Transitions

Saturday morning we stepped off Sea Dragon and onto a solid jetty, the first land underfoot for well over a week. It swayed alarmingly – despite being made of concrete. We’d arrived at Horta marina the previous evening, too late to clear customs, and stayed on the boat. That night, by now so used to falling asleep in motion, our berths surging and swaying through the waves, the sudden lack of movement felt unnatural and abrupt, as if someone had slammed on the brakes. These are truly strange transitions, I’m finding, from ocean and motion to stationary land; from the mini-world of our boat, at once small and yet travelling through an immensity of ocean and sky, to the endless-but-limited options of land-life. On the yacht, we have what we have and no more. Each other, the things on board, the things we brought with us, the sea and the sky and the wildlife. Back on land, it’s unnerving how quickly the lure and undertow of materialism can suck you back in; endless shiny commodities calling out shallow promises to our magpie selves from shop windows. ‘Buy me, buy me!’ ‘I will enhance your life!’

The jetties and harbour walls are covered with multi-coloured mini-murals, the painted legacies of hundreds of visiting vessels. Apparently there’s one from a previous Sea Dragon visit though I haven’t found it yet. We faltered our way across them, looking for Isabel from ‘No More Plastic Bags for the Azores’, who’d offered to pick us up first thing and take us to join a river bed clean. After days out of sight of all but sky and sea we were suddenly catapulted back into land-life; hurtling through the small town in her red jeep, a blur of white and orange buildings, scooters and cars, the noise of rubber on cobbles and Massive Attack on the radio. Waiting for the rest of the crew by a traffic island in a tiny village, dazed and in sensory overload, we drank amazing expressos outside a café by an earthquake damaged church, and occasionally clutched at each other at particularly aggressive land-lurches.

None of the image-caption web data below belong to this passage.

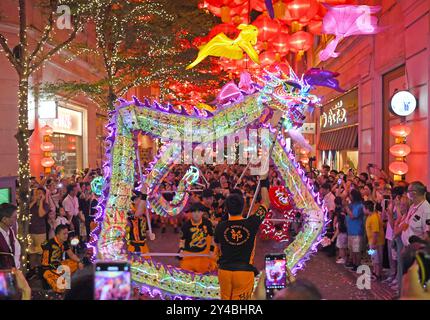 Hong Kong, Chine. 17 septembre 2024. Les gens regardent une danse de dragon pendant le Festival de la mi-automne à Hong Kong, dans le sud de la Chine, le 17 septembre 2024. Crédit : Chen Duo/Xinhua/Alamy Live News Banque D'Images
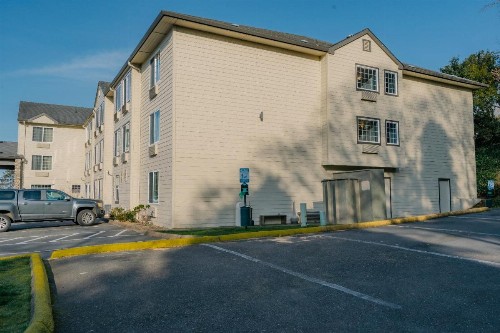 The Ashley Inn & Suites - image 11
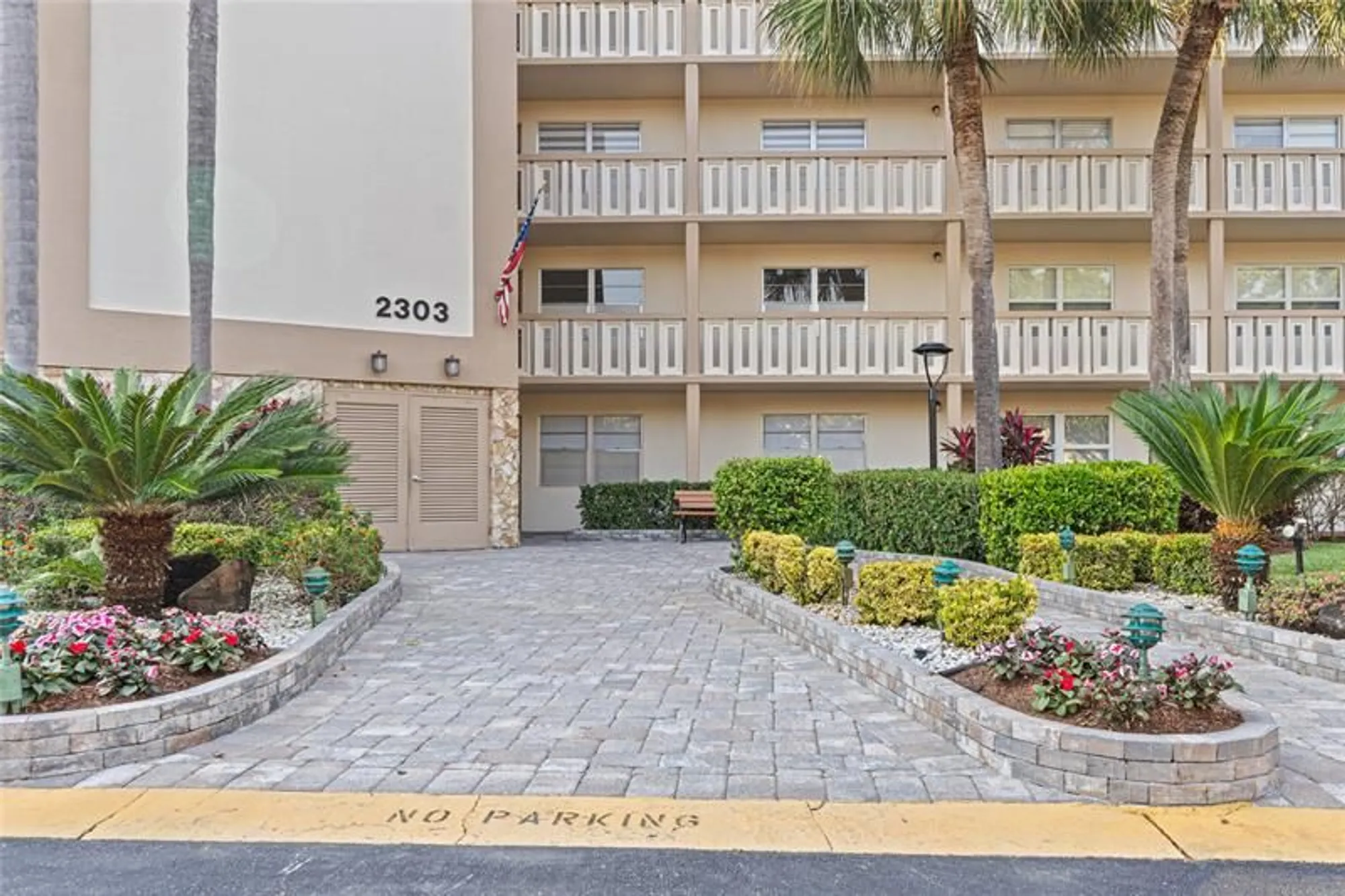 Property Slideshow image 28 of 44 | 2303 lucaya ln h2, Coconut Creek, FL, 33066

Predictably, the clean-up was both depressing and inspiring. A really lovely group of folk, many of them sailors fetched up in the Azores from various parts of the globe, welcomed our slightly manic and largely flip-flopped brigade – all twelve of us from Sea Dragon were there – ignored the inappropriate footwear, and sorted us out with gloves and sacks and a location on the dry river bed. Working our way up over the awkward stones we hauled out decaying bags and old clothes and reams of twine and brittle, broken plastic sheeting. The group I was part of unwrapped an entire tree root choked in tenacious plastic rubbish that seemed to have its own stubborn roots under rocks and in soil. By the end of the morning, three truckloads of sacks full of plastic and other junk – bits of cars, batteries, a dead sofa – stacked up all over the traffic island. Horrible. And also a relief. After days of discussing plastic, debating plastic, immersing ourselves in information and ideas and research about plastic, it was great to be getting our hands dirty doing something practical and at least somewhat constructive. A bit of a closure for some of the circle we’d been going around, and a highly appropriate way to end leg 1 of our voyage. Of course, a traffic island worth of plastic is a drop in the ocean, so to speak. But it still felt good to know that every piece of it we’d hauled there from the river bed would not now be making it to the ocean; and that some creature somewhere would have a little less plastic in its guts.